Добавить в цитаты Настройки чтения

Страница 23 из 105

И далее: «Дикий опыт «стопроцентной демократии» с марта по ноябрь 1917 года— насаждение в военное время совершенно нового, неиспробованного строя, полное пренебрежение государственностью во имя каких-то книжных принципов, оказавшихся никуда негодными, — этот безумный опыт вошел в историю под названием «керенщины», по имени своего самого характерного и в то же время самого бесхарактерного деятеля».

Масоны свое дело сделали и должны были уступить власть жестокому направлению «пятой колонны» — еврейским большевикам.

За корниловским выступлением по России прокатилась волна многочисленных перемещений среди командного состава, аресты и расправы с офицерами. На фронте же в систему стало входить положение, когда позиции оборонялись одними офицерами в то время, как солдаты митинговали.

Корниловское выступление несмотря на его неудачу сыграло большую роль в определении офицерами своей позиции по отношению к «демократизации» и развалу армии.

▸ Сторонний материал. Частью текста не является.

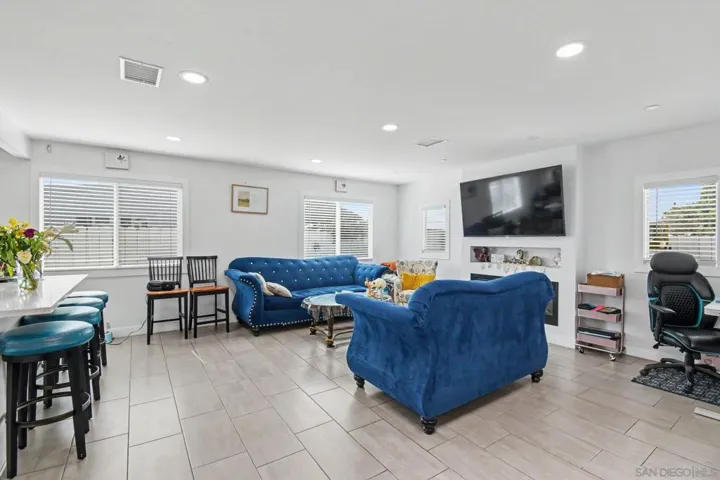 8792 Blue Boy Lane, Santee, California 92071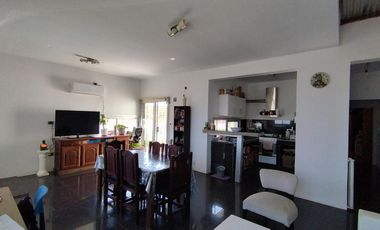 Casa - Melchor Romero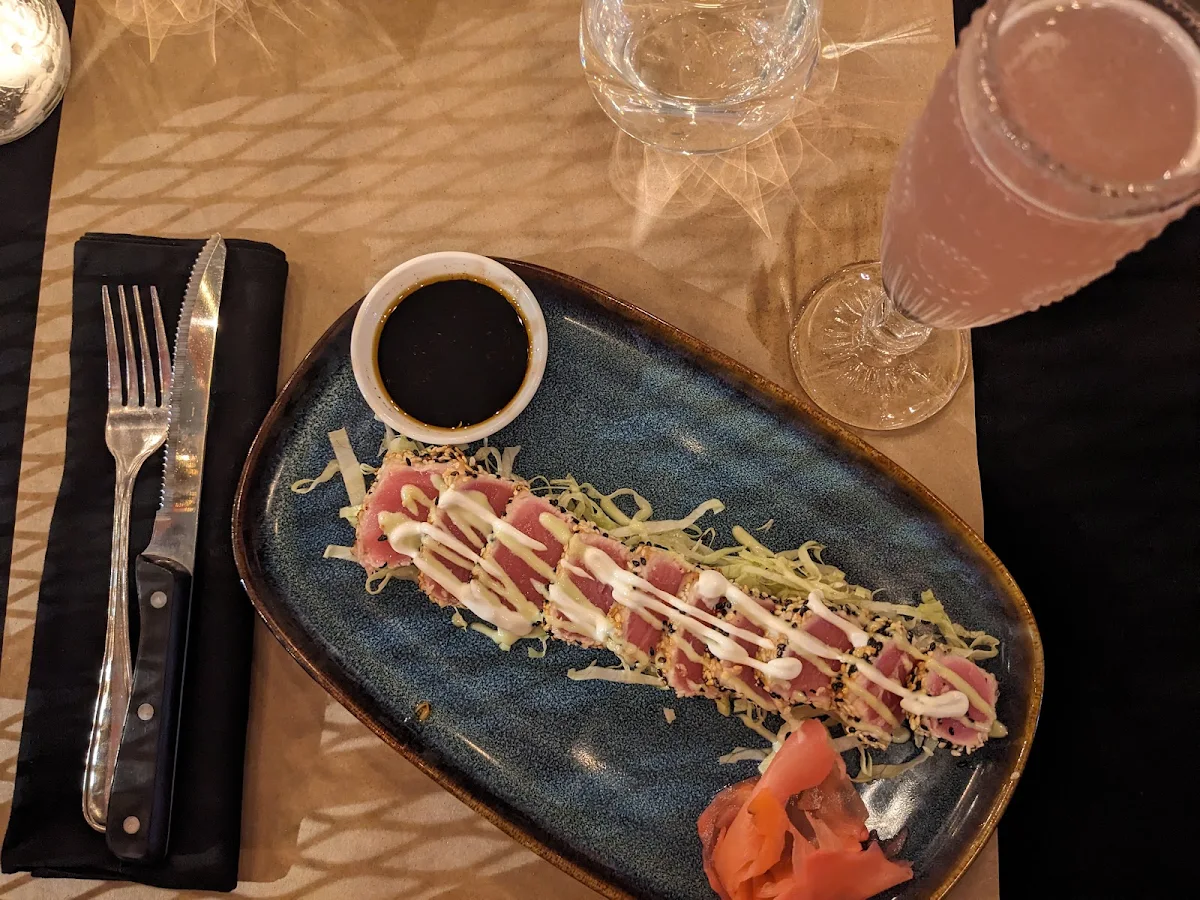 Tataki̇ De Thon Tuna Tataki̇, La Demande Générale Valleyfield Bistro & Buvette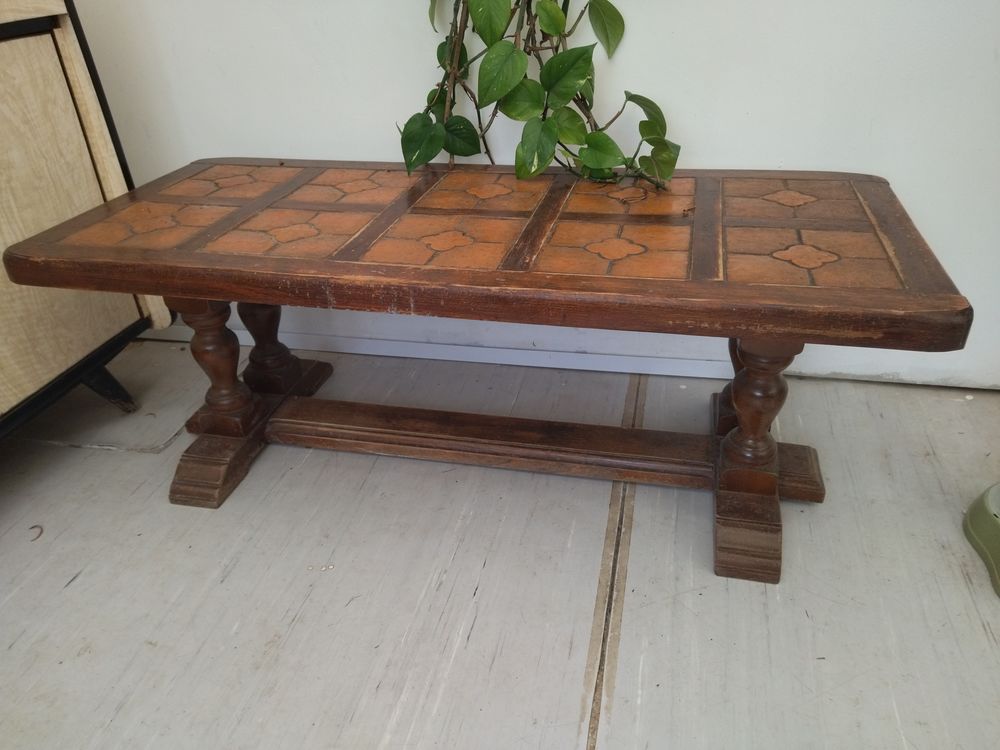 Table de salon en Ch&ecirc;ne A restaurer Meubles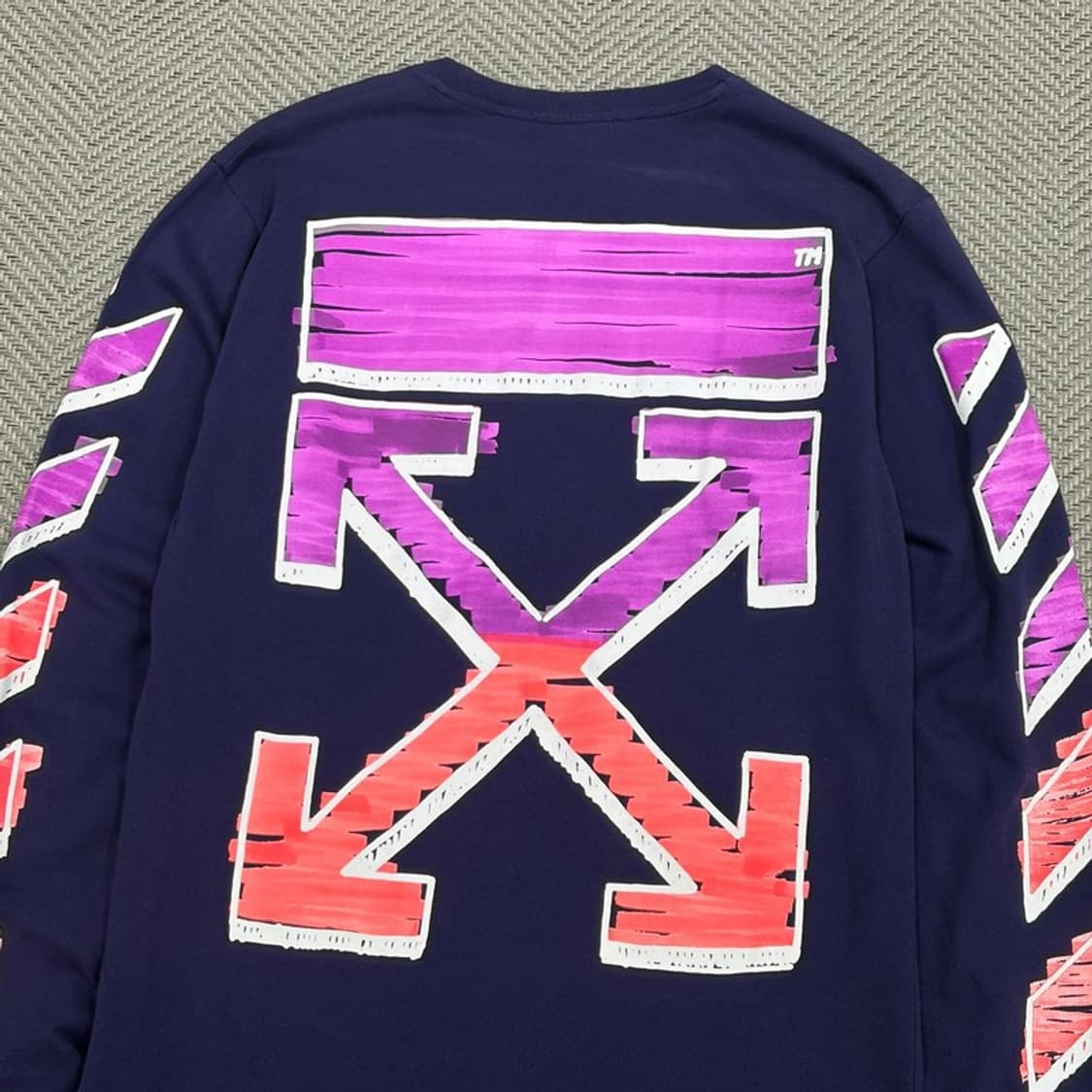 오프화이트 마커에로우 롱슬리브 v2072 상품이미지4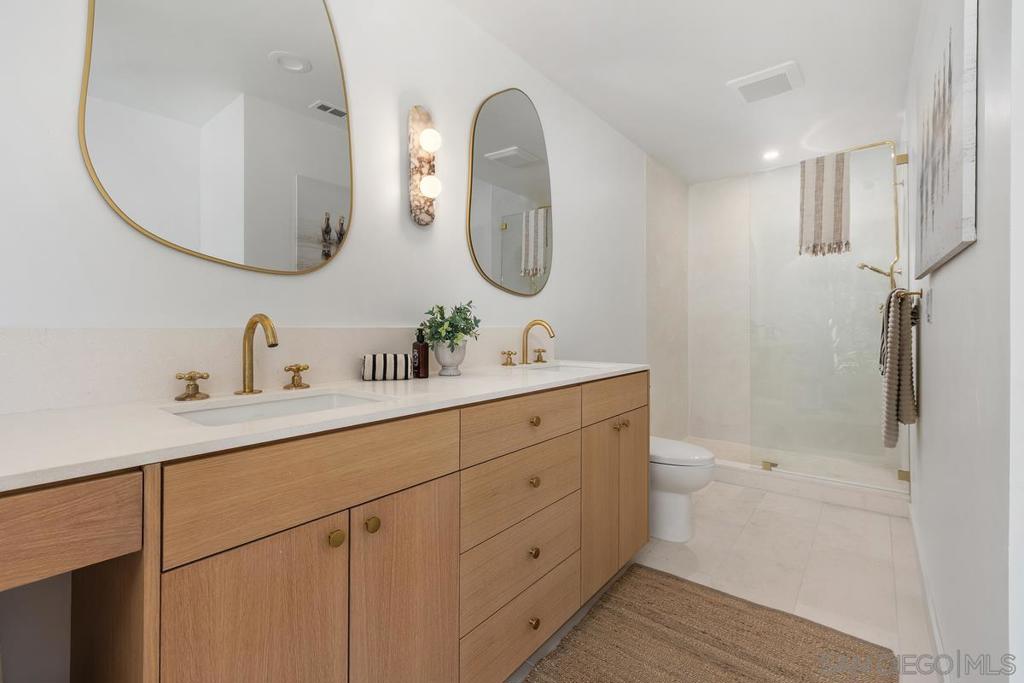 16902 Via De Santa Fe Unit 7 Property Photo 18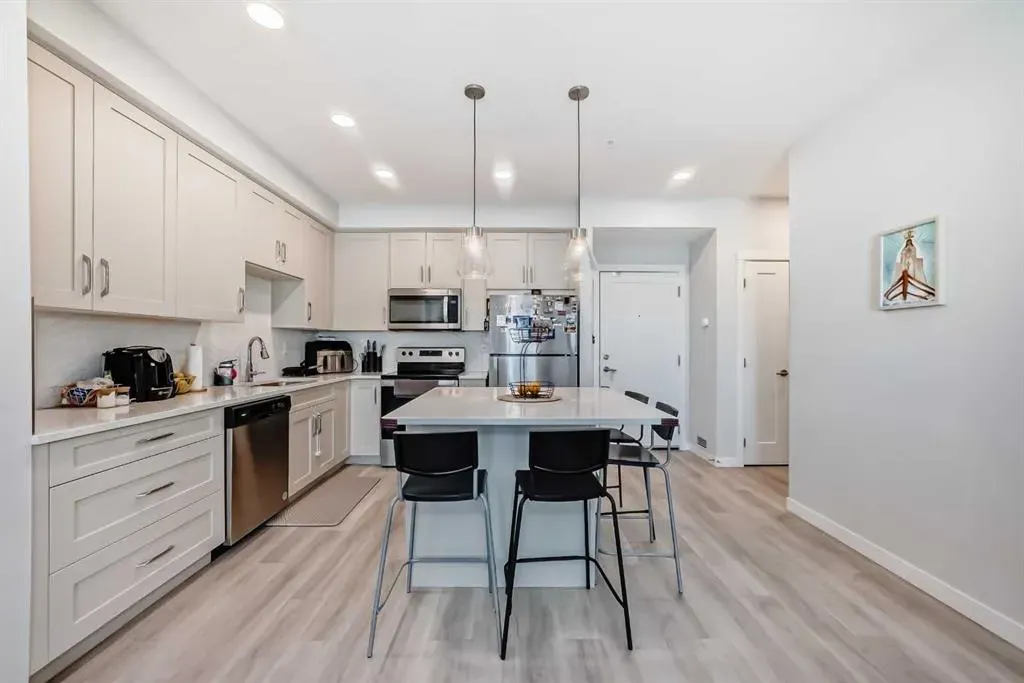 150 Shawnee Square, #310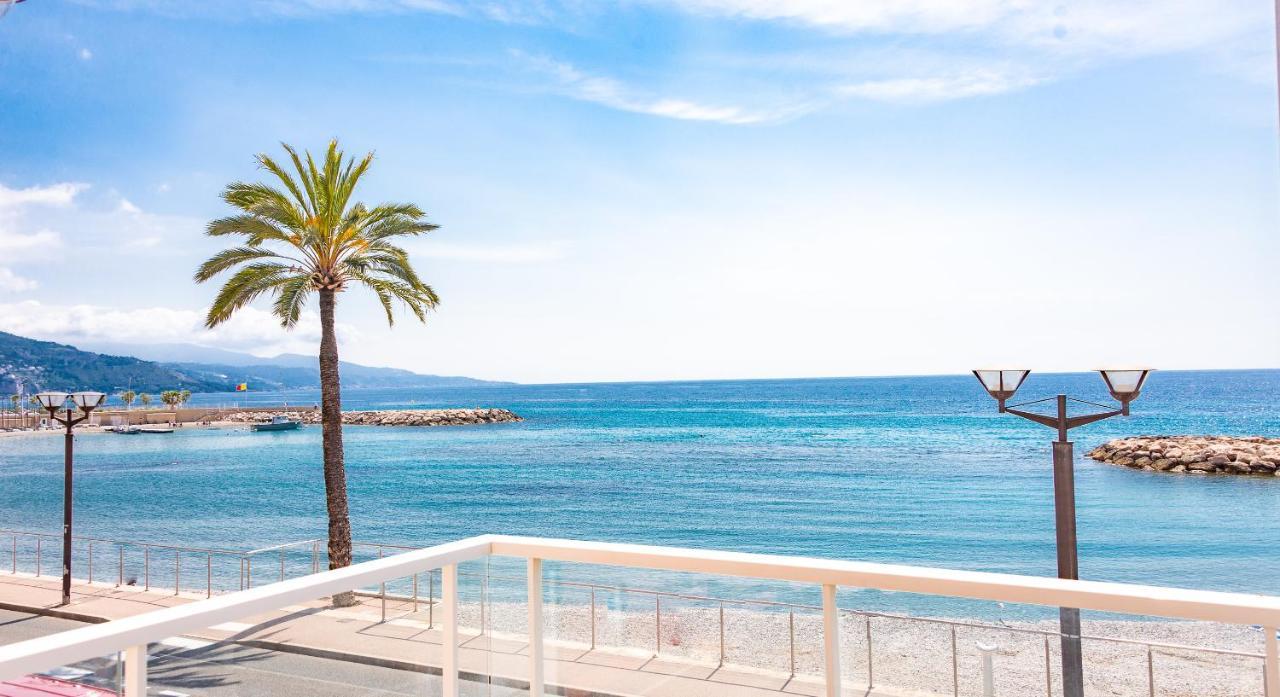 Hotel Et Appartements Reine D'Azur ロクブリュヌ＝カップ＝マルタン エクステリア 写真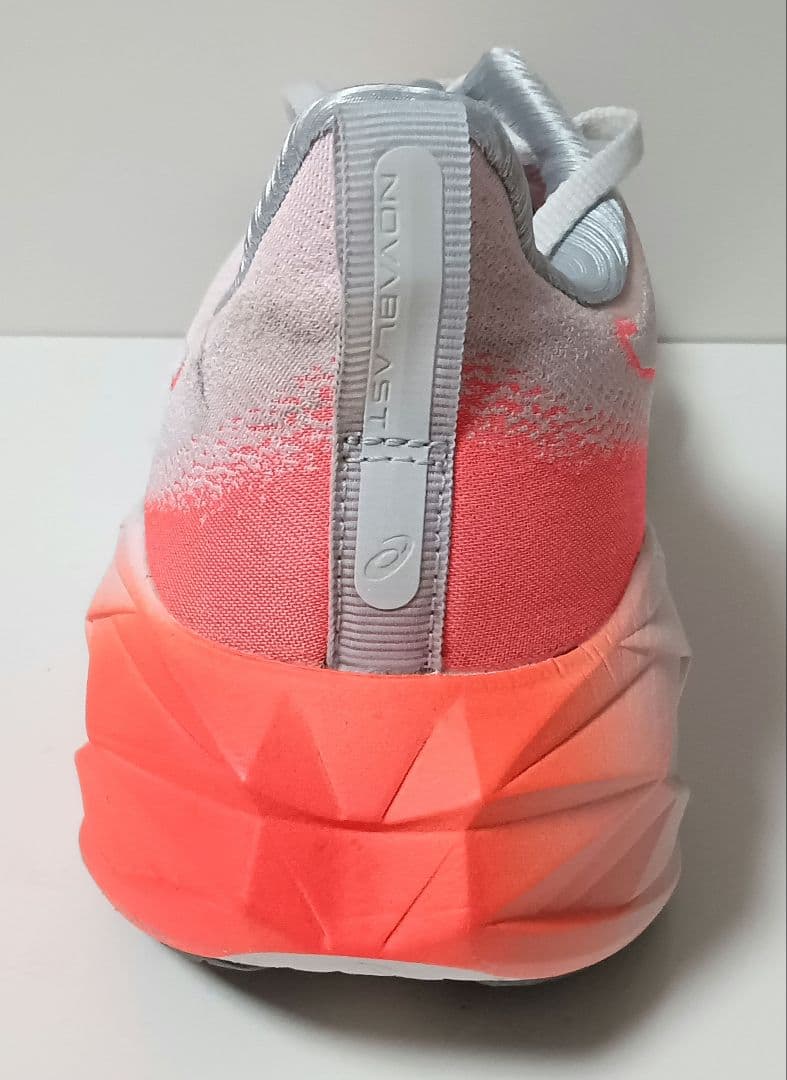 美品アシックス26.5cm ノヴァブラスト4 ランニングシューズ　駅伝カラー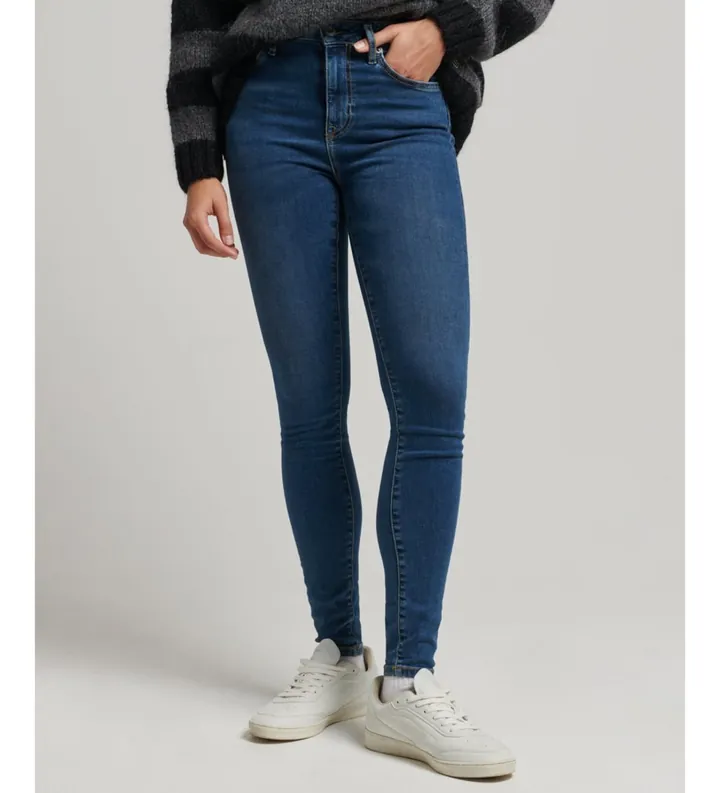 Superdry para mujer. W7010796A Jeans pitillo de talle alto de algodón orgánico azul (24/30), Denim, Poliéster, Sostenible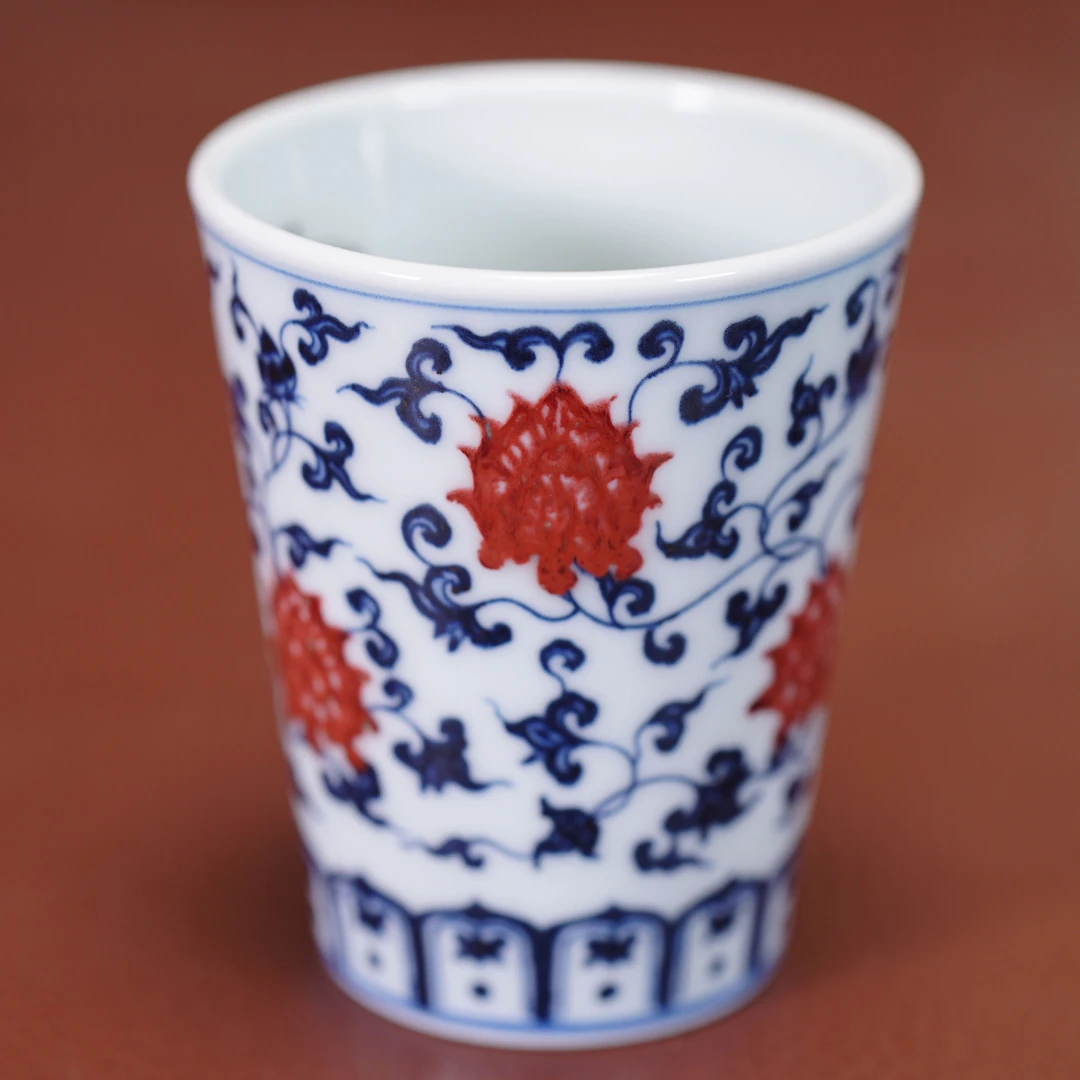 【阳春白雪】-清华釉里红缠枝莲纹可乐杯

««Мы знали и понимали, как нужно бороться с врагом внешним, но превратились в ничто перед врагом внутренним, перестав быть едиными, даже более — становясь враждебными друг другу. Да! Не было приказов начальников, не было руководства… Но… неужели корпус офицеров живет и действует только распоряжениями сверху, а не выявлением и проявлением духа и дел снизу? Нет возможности бороться? Нужно найти эти возможности… нужно их создать!» — такие суждения высказывали будущие добровольцы» («Трагедия русского офицерства»).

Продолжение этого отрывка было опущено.